Estos fenómenos están acompañados de otra transformación esencial que involucra el ámbito de las normas sociales mecánicas. Éstas ya no sólo están orientadas a la confección de un sujeto social para las labores de la producción. Cada vez se habla más y se actúa más sobre los individuos desde el lenguaje de la calidad de vida, del rendimiento, la autorrealización y la resiliencia (Ehrenberg, 2000; Papalini, 2015; Evans & Reid, 2016). Canguilhem fue uno de los primeros en advertir estos cambios al superar una visión pasiva de lo orgánico y resaltar el carácter productivo de la vida, su carácter normativo a partir de la superación de obstáculos que asaltan en el medio (Canguilhem, 2011). Sin embargo, lo que otrora fue un gran hallazgo hoy se ha convertido, siguiendo al propio Canguilhem, en “ideología”, una sobrevaloración absoluta de ese carácter productivo de la vida por parte de las tecnologías de gobierno liberales contemporáneas. Estos diferentes valores rebasan el equilibrio en el que milenariamente se había ubicado la noción no sólo científica sino también popular de salud. De hecho, llama la atención en este caso el creciente interés que en los últimos veinte años se ha dado no sólo al tema de los determinantes sociales de la salud, sino también a la narrativa personal del enfermo a través de la llamada “Medicina centrada en la persona” (Goldenberg, 2010), las distintas “técnicas psi” que vienen difundiéndose desde la década de los setenta con la revolución humanista y new age,y la creciente importancia que están teniendo en la empresa y la gestión de la vida personal las técnicas de meditación y mindfulness. Un nuevo mapa de la vida humana se ha configurado en nombre del “holismo” para efectos de dinamizar los valores de la optimización y el carácter productivo del viviente.
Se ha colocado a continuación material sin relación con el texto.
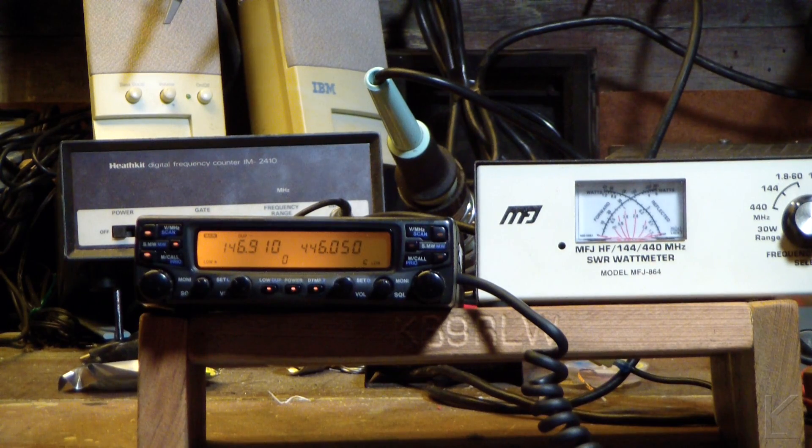Hello YouTubers and fellow hams, we got a repair today. This is an ICOM IC-2710 dual band mobile radio and the complaint is that the power output is intermittent or zero. He was talking on it and he said it just quit. The owner of the radio says that he thought it had died — power output was dead years ago. So apparently it's intermittent.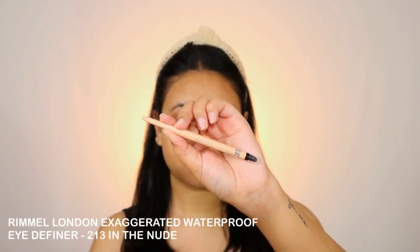Next I'm taking the Rimmel London Eye Definer in the nude and applying it on my waterline so that my eyes look more open and fresh.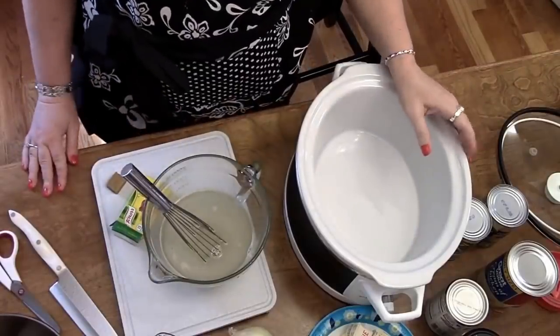I can guarantee you that this meal in my crock pot is better than a lot of people's Thanksgiving meals, because I've had some really bad Thanksgiving meals. And of course this is not as good as my homemade chicken and dressing that y'all will see. Hey y'all, it's Timmy with Collar Valley Cooks.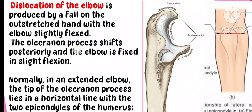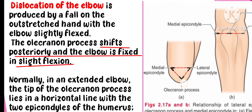The olecranon process is visible in the ulna. The elbow joint is fixed in a slight flexion, and the ulna process is in the posterior position. The elbow joint is in a slight flexion position.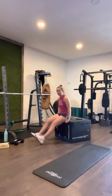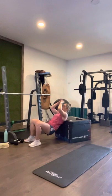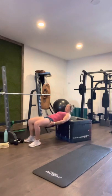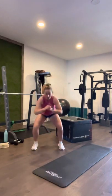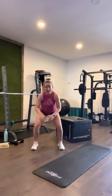Into hip thrusters — ready? We've got twenty seconds. One, two, three, four, five, six, seven, eight, nine, ten. Straight back up. We've got five, four, three, two, one. And done.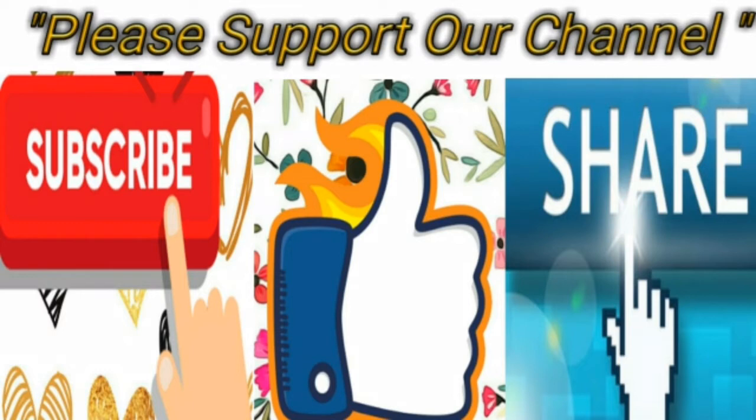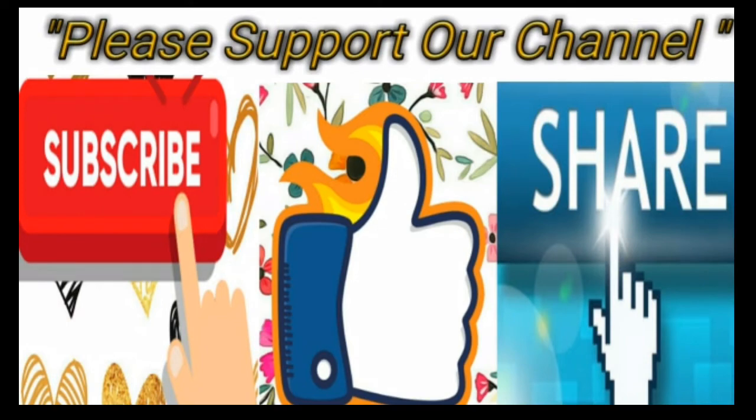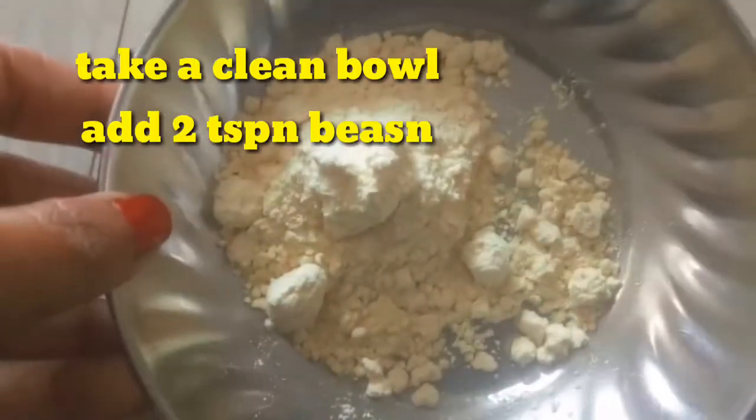This is a lot of beauty tips for our channel. Click the red color button and click the bell icon. You will see the best videos. Please support my channel. Let's go to the video.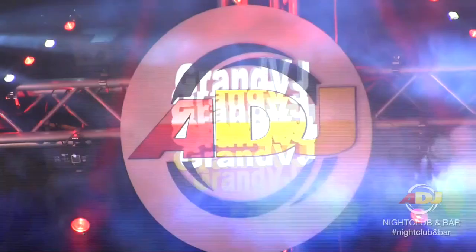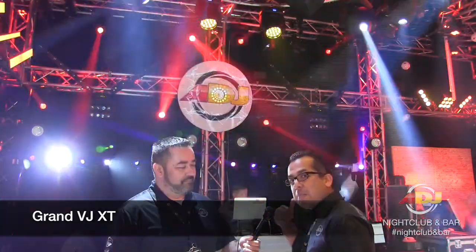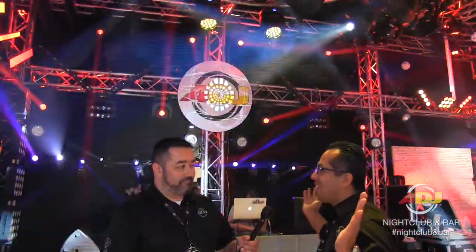If I could mention, since it is in the frame here — if you notice the ADJ logo back there, it looks like something that might be a light in itself. And since we mentioned Arkaos, that's actually being accomplished using Grand VJXT. We were able to map around the circle, so that's why you don't see any bleed in that image. It's a multi-layering software that also lets you do effects in video as well as map out the video so you can hit a certain object.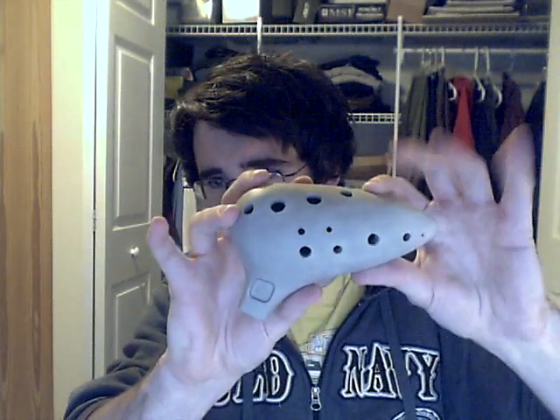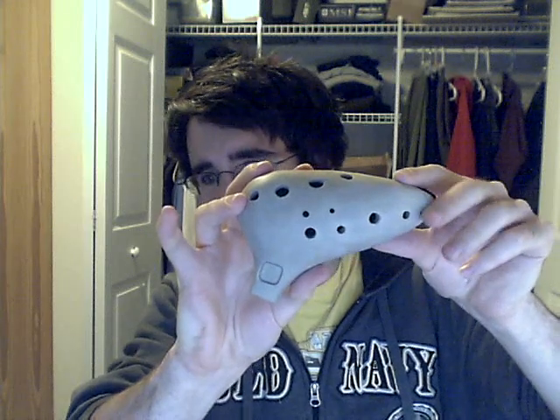Alright guys, so I just made my fourth ocarina. I tried to use some of the suggestions that you guys had recommended, specifically making the voicing a little bit smaller. So here's the one I just made — I just fingered it in. You'll notice I had this extra hole right here. That was because I just kind of messed up in the tuning and I ended up having to put it there to make it work correctly.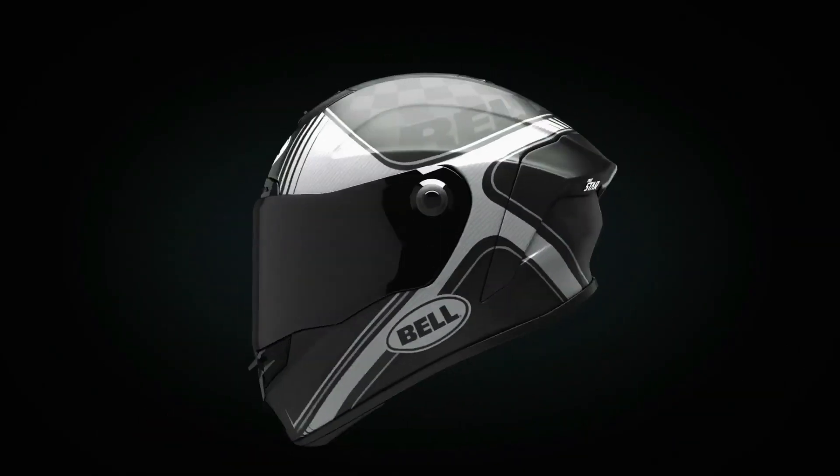We are lucky enough to be here at the Bell headquarters, where R&D, production, marketing — everything happens here. Chris Sackett from Bell is going to show us the new ProStar helmet.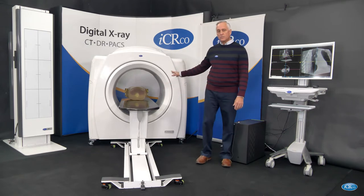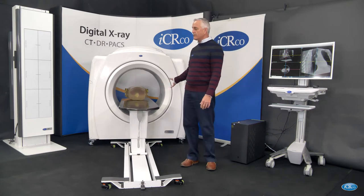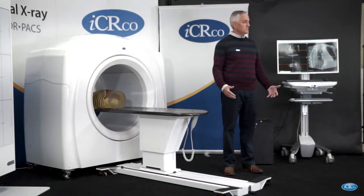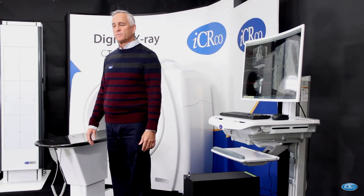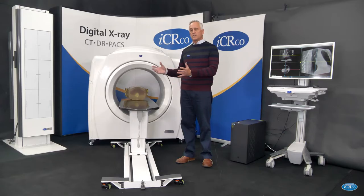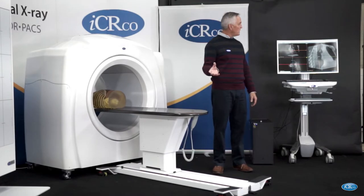The exam takes 22 seconds. Every single image is captured — 360 images around the patient. They're all high resolution chest images, chest x-rays, and therefore we can use those also to aid in the diagnosis of the patient. So we have 360 chest images from this study as well as a reconstruction which gives us a 3D view of the patient.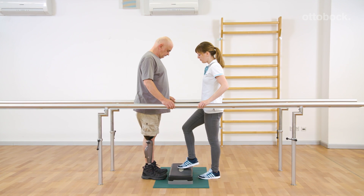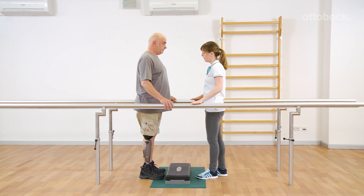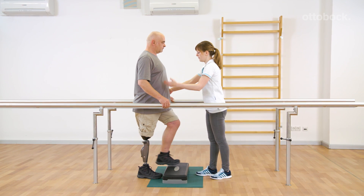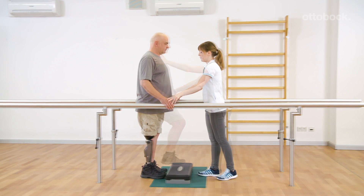A good stance phase is the basis for a secure gait. The load is shifted to the prosthetic side during the first exercise. The upper body stays upright. The trunk should not lean laterally and the pelvis should not drop laterally.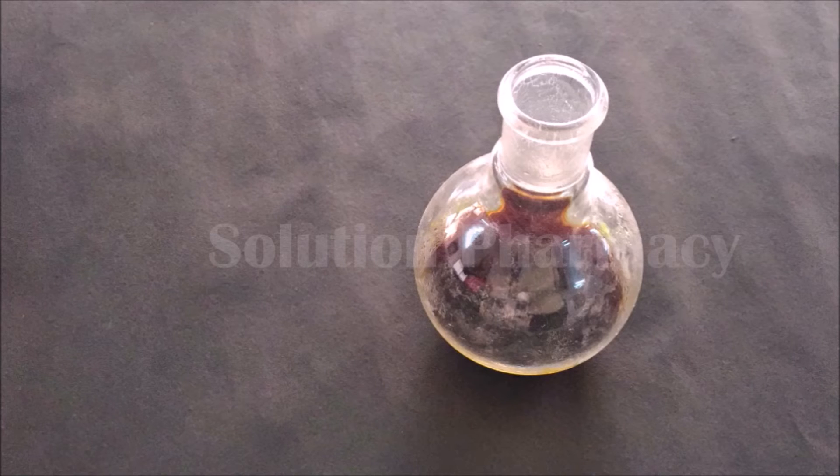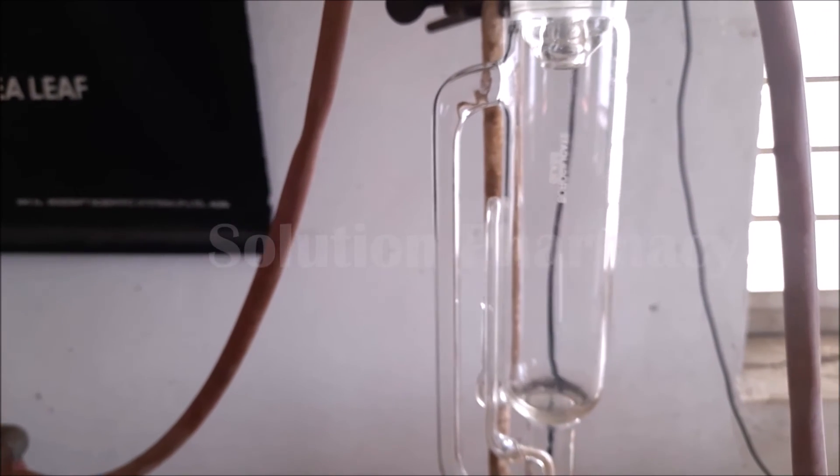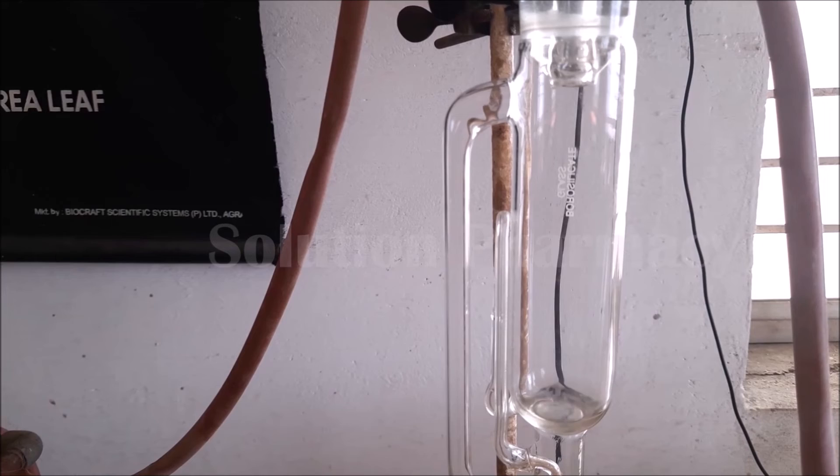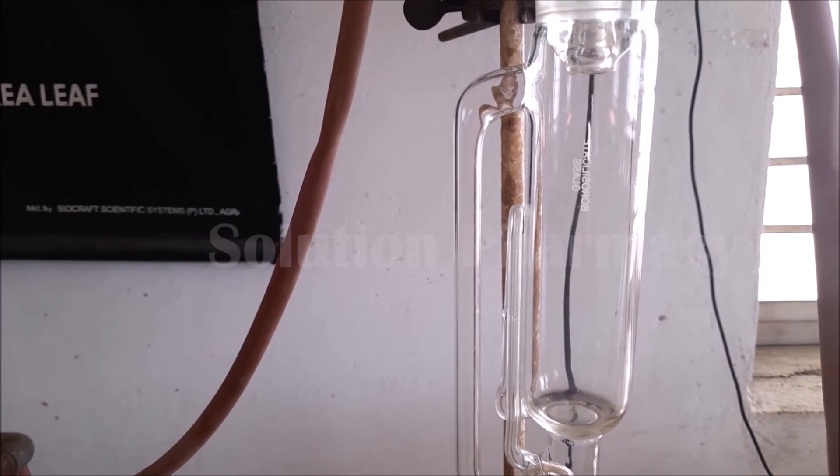Next we have to concentrate this liquid extract by evaporating the solvent. If we directly evaporate the solvent on a heating mantle, water bath, or hot plate in an open vessel, there will be loss of solvent into the air. If we want to prevent this solvent loss and recover the solvent vaporizing during concentration of the extract, it is possible by using the same Soxhlet assembly. We can recover the solvent very easily. For this, set up the Soxhlet assembly as before but this time keep the Soxhlet extractor empty.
La superficialidad de estas alternativas es fácil de advertir, puesto que estas nuevas normas sociales, más que centrarse en un gobierno de la vida orientado a la reflexividad de la existencia, se enmarcan, como lo sostiene Rose, dentro de una nueva dinámica de pastorado y conducción de las conductas que pretende rebasar los límites mismos de la vida o, mejor, dar forma a nuevos tipos de vitalidad. Esto también explica, en parte, el escepticismo de Canguilhem frente a los distintos discursos humanistas que se comenzaron a configurar hacia la década de los setenta del siglo XX. En Canguilhem puede apreciarse una sospecha ante cualquier tipo de humanismo, en la medida en que éste revela un proyecto, un programa político que hoy ha sido puesto en escena por las racionalidades neoliberales de gobierno. No es casual que buena parte de los discursos actuales del marketing y la educación por competencias hablen en el lenguaje de la autoayuda y el empoderamiento, como si en los seres humanos, en las vidas humanas, subyaciera una capacidad de poder ilimitada. Canguilhem siempre se mantuvo en una posición crítica frente a cualquier tipo de sobrevaloración de los valores, frente a cualquier intento de suplantación discursiva e ideológica de los valores de la vida. Creemos que una ética médica atenta a la singularidad de lo vital, singularidad que expresa los distintos pliegues producidos por la propia trayectoria biológica, social y existencial, debe saber ponderar los diferentes valores en conflicto en beneficio de la vida misma y no ceder irreflexivamente ante las retóricas del bienestar propias del mundo actual.